Malignancies: An increased risk of malignancy with Ocrelizumab may exist. In controlled trials, malignancies, including breastcancer, occurred more frequently in Ocrelizumab-treated patients.
See prescribing information for full details.

Most common: Upper respiratory tract infections and infusion reactions.
See prescribing information for full details.

Immunosuppressive or Immune-Modulating Therapies: The concomitant use of Ocrelizumab and other immune-modulating or immunosuppressive therapies, including immunosuppressant doses of corticosteroids, is expected to increase the risk of immunosuppression. Consider the risk of additive immune system effects when coadministering immunosuppressive therapies with Ocrelizumab. When switching from drugs with prolonged immune effects, such as daclizumab, fingolimod, natalizumab, teriflunomide, or mitoxantrone, consider the duration and mode of action of these drugs because of additive immunosuppressive effects when initiating Ocrelizumab.
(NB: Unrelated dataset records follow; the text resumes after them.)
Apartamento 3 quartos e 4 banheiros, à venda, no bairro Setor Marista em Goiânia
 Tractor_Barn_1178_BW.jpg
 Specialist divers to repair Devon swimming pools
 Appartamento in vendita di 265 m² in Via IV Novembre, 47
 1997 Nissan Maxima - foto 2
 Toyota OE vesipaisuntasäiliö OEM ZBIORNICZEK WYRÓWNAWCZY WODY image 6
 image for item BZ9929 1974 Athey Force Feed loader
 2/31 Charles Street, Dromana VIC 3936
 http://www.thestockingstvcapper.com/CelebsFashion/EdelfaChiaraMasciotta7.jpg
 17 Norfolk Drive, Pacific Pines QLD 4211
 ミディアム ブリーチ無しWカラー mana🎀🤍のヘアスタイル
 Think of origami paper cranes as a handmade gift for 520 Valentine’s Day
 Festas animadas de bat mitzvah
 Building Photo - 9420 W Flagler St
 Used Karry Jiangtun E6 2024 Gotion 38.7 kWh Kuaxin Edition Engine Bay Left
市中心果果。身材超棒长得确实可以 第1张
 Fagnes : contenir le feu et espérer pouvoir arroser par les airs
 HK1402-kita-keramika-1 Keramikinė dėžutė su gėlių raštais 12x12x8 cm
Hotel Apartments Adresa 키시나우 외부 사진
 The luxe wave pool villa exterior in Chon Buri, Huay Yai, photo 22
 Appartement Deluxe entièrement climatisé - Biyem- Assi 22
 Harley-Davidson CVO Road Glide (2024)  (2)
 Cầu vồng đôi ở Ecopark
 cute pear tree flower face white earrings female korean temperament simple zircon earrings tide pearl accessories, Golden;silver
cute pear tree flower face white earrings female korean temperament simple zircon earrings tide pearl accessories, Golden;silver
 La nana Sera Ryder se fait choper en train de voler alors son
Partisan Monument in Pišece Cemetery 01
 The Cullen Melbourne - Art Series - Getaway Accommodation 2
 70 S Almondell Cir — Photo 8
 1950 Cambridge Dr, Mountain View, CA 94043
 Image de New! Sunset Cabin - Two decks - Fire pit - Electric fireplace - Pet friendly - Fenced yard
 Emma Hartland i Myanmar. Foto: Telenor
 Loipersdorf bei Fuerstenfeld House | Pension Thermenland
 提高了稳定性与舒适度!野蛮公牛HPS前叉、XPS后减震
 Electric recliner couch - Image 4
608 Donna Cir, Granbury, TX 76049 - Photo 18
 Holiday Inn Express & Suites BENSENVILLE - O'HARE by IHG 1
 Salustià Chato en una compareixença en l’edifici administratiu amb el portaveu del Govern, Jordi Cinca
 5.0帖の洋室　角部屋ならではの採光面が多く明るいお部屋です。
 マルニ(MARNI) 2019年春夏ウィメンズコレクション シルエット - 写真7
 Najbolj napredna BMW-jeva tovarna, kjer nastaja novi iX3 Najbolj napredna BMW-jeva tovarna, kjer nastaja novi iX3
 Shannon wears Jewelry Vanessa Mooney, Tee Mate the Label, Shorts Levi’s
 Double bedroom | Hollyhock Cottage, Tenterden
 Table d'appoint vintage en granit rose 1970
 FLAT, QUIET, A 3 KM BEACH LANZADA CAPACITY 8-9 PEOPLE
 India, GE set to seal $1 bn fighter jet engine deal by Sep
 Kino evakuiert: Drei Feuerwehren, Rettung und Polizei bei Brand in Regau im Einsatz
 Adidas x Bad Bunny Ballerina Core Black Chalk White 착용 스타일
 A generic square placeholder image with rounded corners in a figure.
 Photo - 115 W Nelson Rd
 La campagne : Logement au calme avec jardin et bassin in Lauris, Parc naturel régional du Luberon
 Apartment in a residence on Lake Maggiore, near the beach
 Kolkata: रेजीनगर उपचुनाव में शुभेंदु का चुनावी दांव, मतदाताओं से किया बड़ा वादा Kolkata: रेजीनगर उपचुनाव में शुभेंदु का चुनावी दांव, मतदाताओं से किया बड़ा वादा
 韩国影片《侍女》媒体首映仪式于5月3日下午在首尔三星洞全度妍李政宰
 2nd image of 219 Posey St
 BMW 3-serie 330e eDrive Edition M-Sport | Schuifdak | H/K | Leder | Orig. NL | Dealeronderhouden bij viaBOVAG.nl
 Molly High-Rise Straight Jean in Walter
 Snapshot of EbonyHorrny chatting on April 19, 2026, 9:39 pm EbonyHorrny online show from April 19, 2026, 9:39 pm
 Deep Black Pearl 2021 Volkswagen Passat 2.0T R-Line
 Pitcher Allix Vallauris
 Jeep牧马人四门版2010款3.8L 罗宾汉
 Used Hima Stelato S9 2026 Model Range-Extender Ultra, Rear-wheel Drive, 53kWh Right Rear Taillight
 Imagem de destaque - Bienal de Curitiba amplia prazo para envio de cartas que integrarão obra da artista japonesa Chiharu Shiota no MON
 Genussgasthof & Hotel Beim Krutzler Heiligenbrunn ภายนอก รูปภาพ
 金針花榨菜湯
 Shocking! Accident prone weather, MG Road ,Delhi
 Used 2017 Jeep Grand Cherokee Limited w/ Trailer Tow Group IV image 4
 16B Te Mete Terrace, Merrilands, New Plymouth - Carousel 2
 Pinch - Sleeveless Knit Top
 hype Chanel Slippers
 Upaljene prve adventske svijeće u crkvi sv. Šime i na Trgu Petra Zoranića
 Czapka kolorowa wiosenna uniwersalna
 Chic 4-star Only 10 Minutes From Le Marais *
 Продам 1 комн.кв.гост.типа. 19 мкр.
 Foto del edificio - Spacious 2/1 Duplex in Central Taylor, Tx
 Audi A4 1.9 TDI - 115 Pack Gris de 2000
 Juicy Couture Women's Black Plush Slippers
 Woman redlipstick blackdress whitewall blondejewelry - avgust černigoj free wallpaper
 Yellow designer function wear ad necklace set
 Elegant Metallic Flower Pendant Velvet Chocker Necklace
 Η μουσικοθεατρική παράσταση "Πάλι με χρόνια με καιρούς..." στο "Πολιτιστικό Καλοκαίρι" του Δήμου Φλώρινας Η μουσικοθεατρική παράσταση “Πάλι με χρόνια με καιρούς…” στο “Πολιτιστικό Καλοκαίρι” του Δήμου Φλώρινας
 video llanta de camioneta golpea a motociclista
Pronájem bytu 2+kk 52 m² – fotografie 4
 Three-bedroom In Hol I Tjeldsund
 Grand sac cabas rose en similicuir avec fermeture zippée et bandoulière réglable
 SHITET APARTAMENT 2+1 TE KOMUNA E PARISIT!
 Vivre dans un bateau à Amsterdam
Pregnancy: There are no adequate data on the developmental risk associated with use of Ocrelizumab in pregnant women. There are no data on B-cell levels in human neonates following maternal exposure to Ocrelizumab. However, transient peripheral B-cell depletion and lymphocytopenia have been reported in infants born to mothers exposed to other anti-CD20 antibodies during pregnancy.
Lactation: There are no data on the presence of ocrelizumab in human milk, the effects on the breastfed infant, or the effects of the drug on milk production.
The developmental and health benefits of breastfeeding should be considered along with the mother’s clinical need for Ocrevus and any potential adverse effects on the breastfed infant from Ocrevus or from the underlying maternal condition. 
See prescribing information for full details.    

Storage of Infusion Solution: Prior to the start of the intravenous infusion, the content of the infusion bag should be at room temperature. Use the prepared infusion solution immediately. If not used immediately, chemical and physical in use stability has been demonstrated for 24 hours (in the refrigerator) at 2°C–8°C and 8 hours at room temperature (up to 25°C), which includes infusion time. In the event an intravenous infusion cannot be completed the same day, discard the remaining solution. From microbiological point of view, the prepared infusion should be used immediately. If not used immediately, in use storage times and conditions prior to use are the responsibility of the user and would normally not be longer than 24 hours at 2°C–8°C and 8 hours at room temperature, unless dilution is undertaken in controlled and validated aseptic conditions. No incompatibilities between Ocrelizumab and polyvinyl chloride (PVC) or polyolefin (PO) bags and intravenous (IV) administration sets have been observed.